_Required work:_ Would you copy the records below, exactly and only from their first line through the line containing "Une terrasse en", without any pictures?

Saved entries:

************

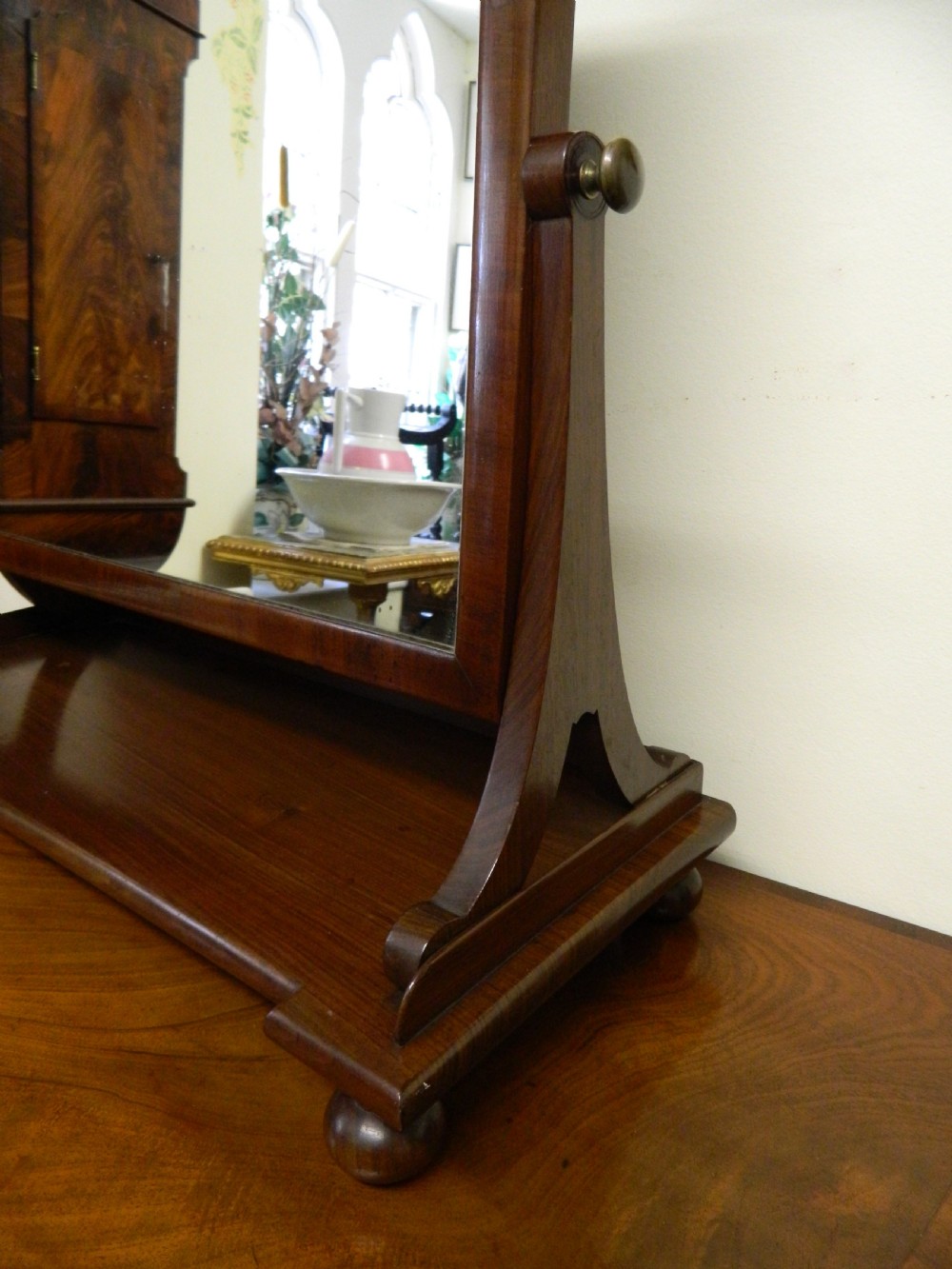 An antique mahogany rectangular toilet mirror supported on curved upright arms above a rectangular plinth base with bun feet. View V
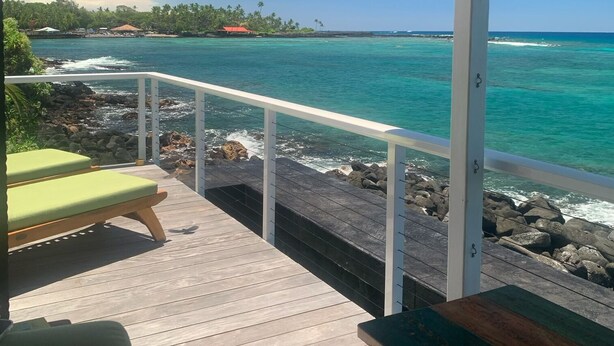 Une terrasse en bois avec deux chaises vertes à coussins et une table en bois, d’où l’on peut admirer une mer bleue et limpide, une côte rocheuse et des arbres à l’horizon.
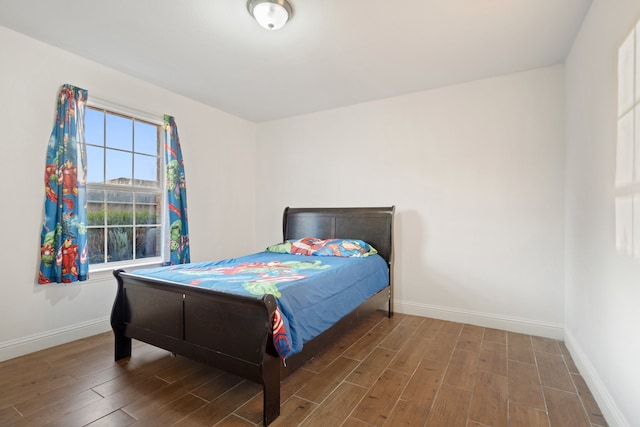 bedroom featuring hardwood / wood-style floors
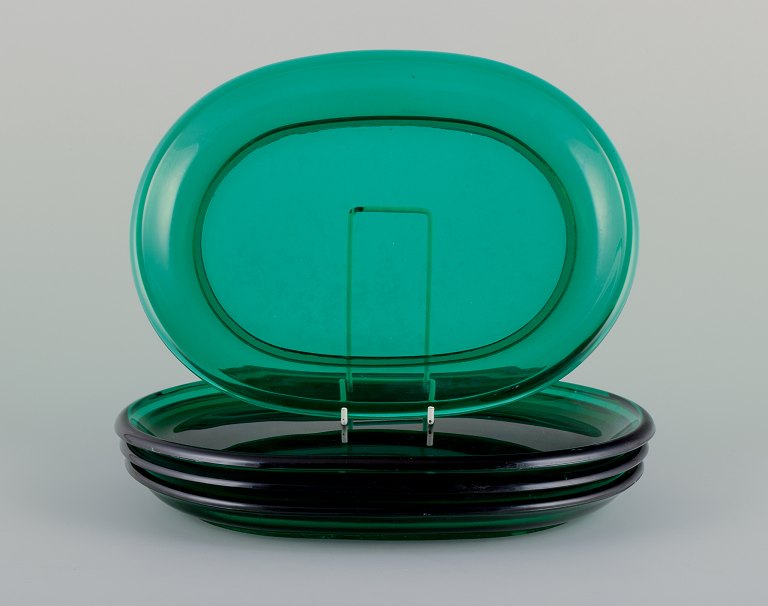 Josef Frank for Svenskt Tenn, Reijmyre/Gullaskruf,
Sweden. 
Four handmade lobster plates in green art glass.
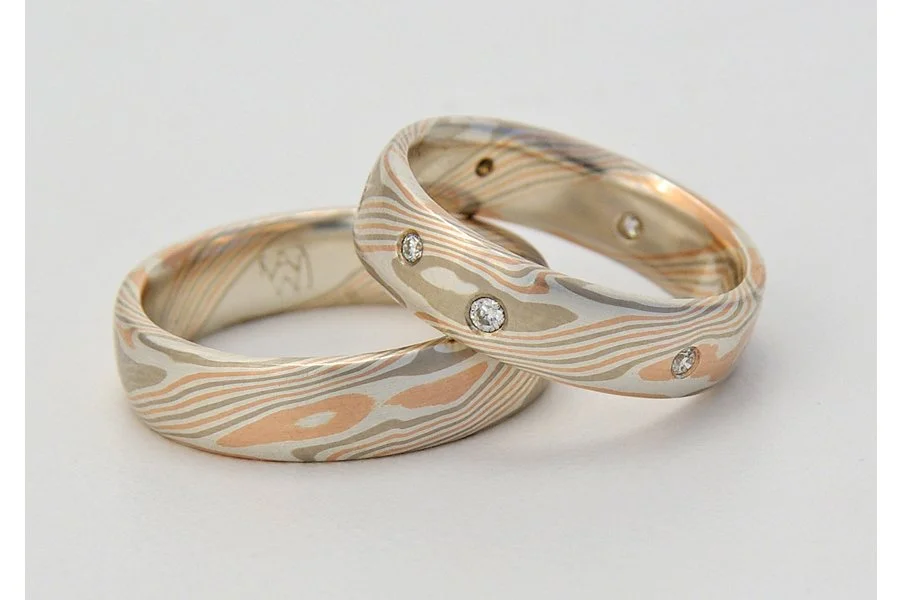 This couple wanted a shape less traditional than the low-dome, but didn't want the strong geometric feel of the flat-top. So, flat with slightly rounded edges was born! I think this is a great shape to accentuate the patterning. Metals combination WR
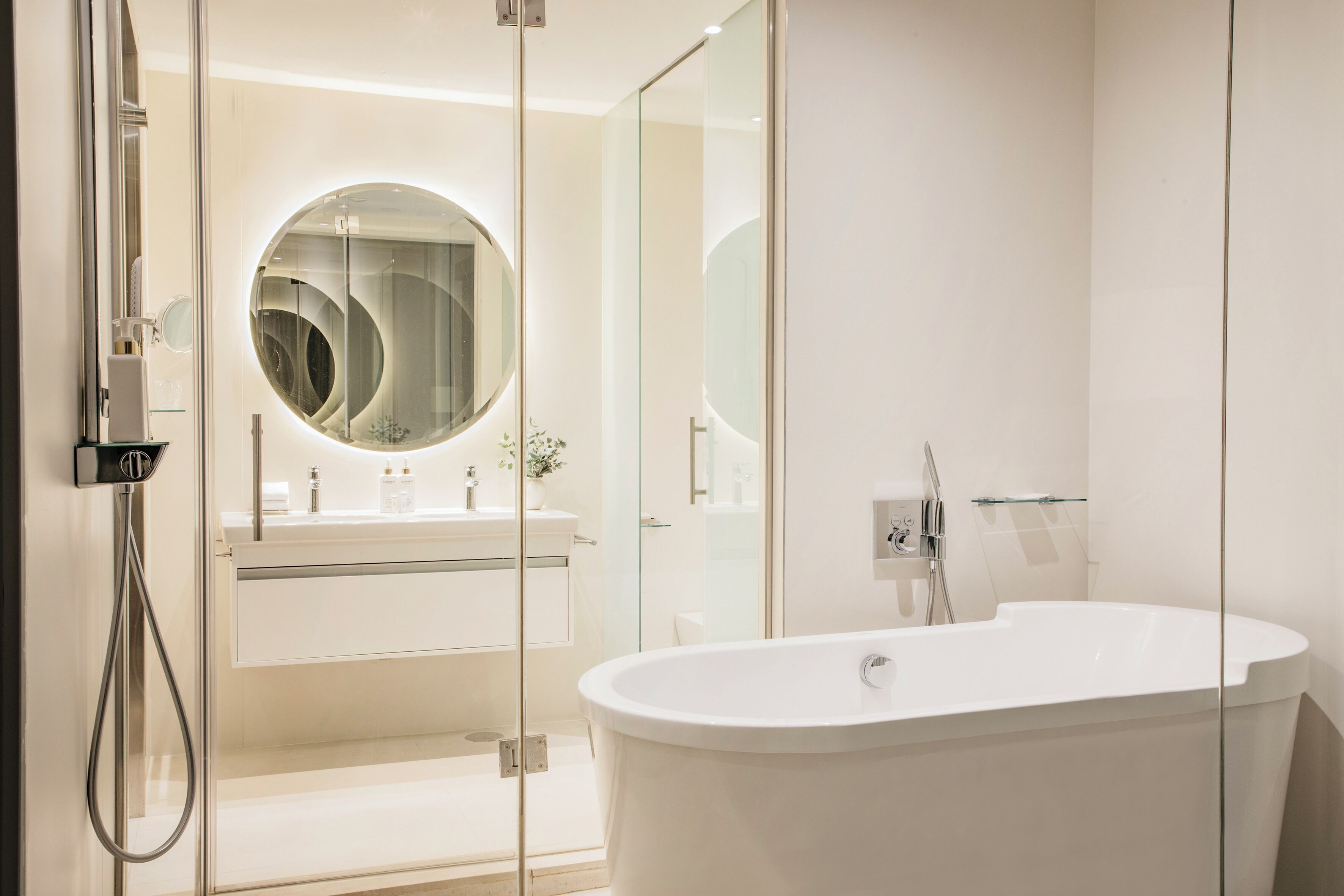A modern bathroom with a freestanding bathtub, a glass-enclosed shower, and a round mirror.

************

_Written response:_
 An antique mahogany rectangular toilet mirror supported on curved upright arms above a rectangular plinth base with bun feet. View V
 Une terrasse en bois avec deux chaises vertes à coussins et une table en bois, d’où l’on peut admirer une mer bleue et limpide, une côte rocheuse et des arbres à l’horizon.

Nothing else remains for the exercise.